James Perry, born James Pirie (30 October 1756 – 4 December 1821) was a British journalist and newspaper editor.

==Biography==
Admitted to Marischal College, Aberdeen, in 1771, he began studying for the Scottish bar. Forced to abandon his studies after his father's building business failed in 1774, he moved to London in 1777. He became a reporter for The General Advertiser and the London Evening Post, where he raised sales in 1779 by his court reporting from the Portsmouth trial of Admiral Keppel and Admiral Palliser. He established The European Magazine in 1782, leaving it a year later to edit The Gazeteer as "the Paper of the People". In 1790 he managed to become owner and editor of the Morning Chronicle. In 1791–92 he reported from Paris on the progress of the French Revolution. His political influence was sufficient for Pitt and Lord Shelburne to offer him a parliamentary seat, though he refused.

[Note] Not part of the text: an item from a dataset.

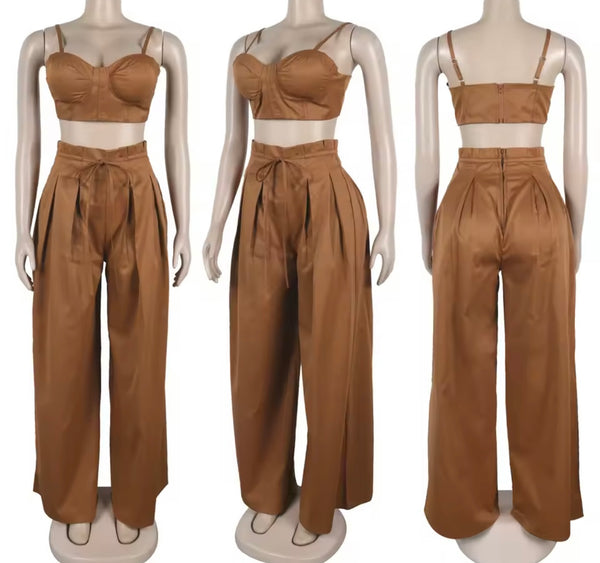 Women Color Sleeveless Crop Fashion Two Piece Wide Leg Pant Set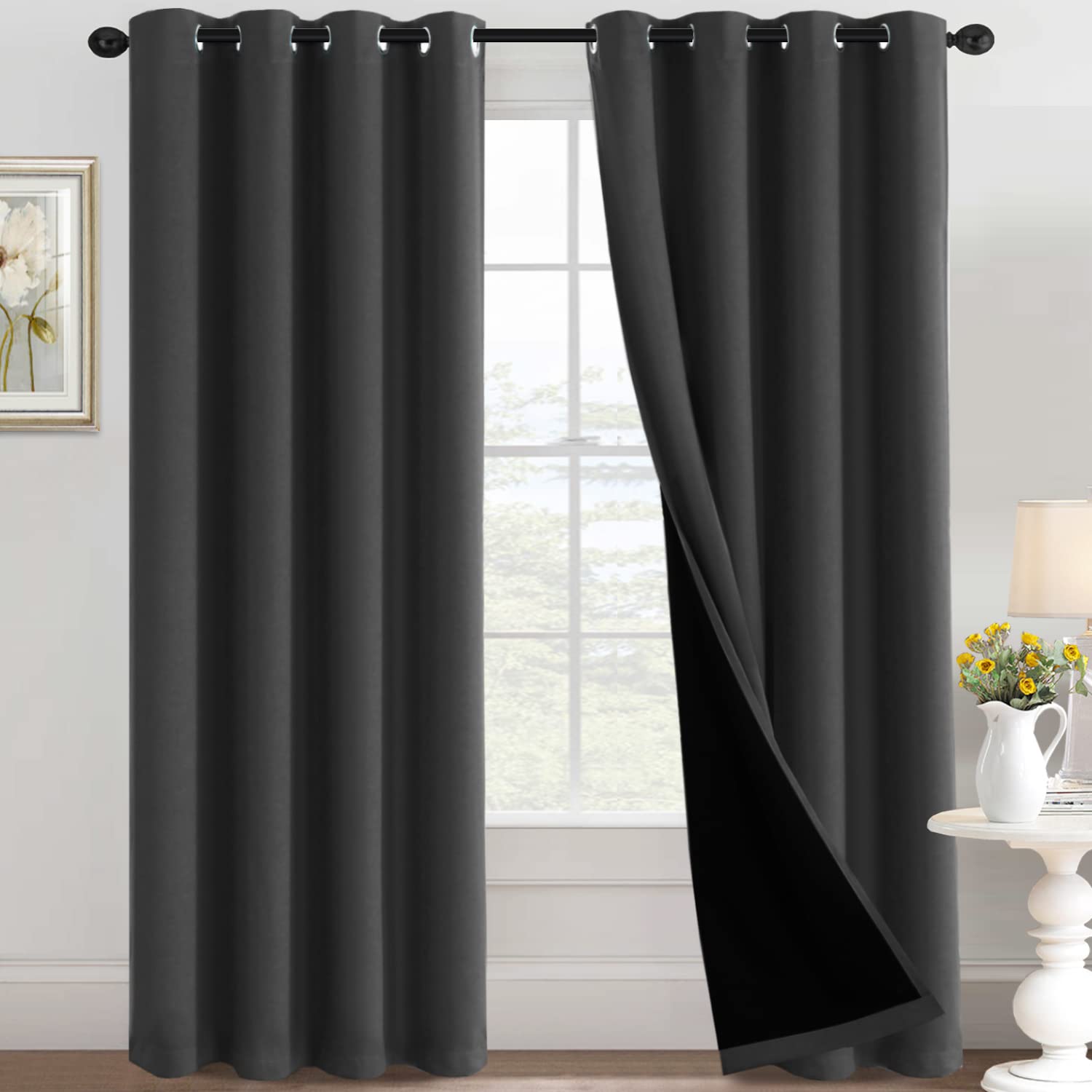 H.Versailtex 100% Blackout Bedroom Curtains Thermal Insulated Living Room Curtains, 96 Inch Sliding Door Curtains For Energy Eff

Perry's Foxite journalism occasionally led to government prosecution. On two occasions he was acquitted: for printing an advertisement for a Derby meeting of the Society for Constitutional Information in 1792, and for copying a paragraph from Leigh Hunt's Examiner about the Prince of Wales in 1810. However, he was sentenced to three months' imprisonment in Newgate for allegedly libelling the house in 1798.

In August 1798 he married Anne Hull: their eight children included the Indian judge and politician Thomas Erskine Perry (1806–1882). Their daughter, Horatia Ann, married John Crawfurd, and accompanied him on his Mission to Siam and Cochin China from 1821 to 1822. Two of his daughters, Jane and Kate, were good friends with William Makepeace Thackeray and were present at a party hosted by Thackeray to meet Charlotte Brontë on 12 June 1850.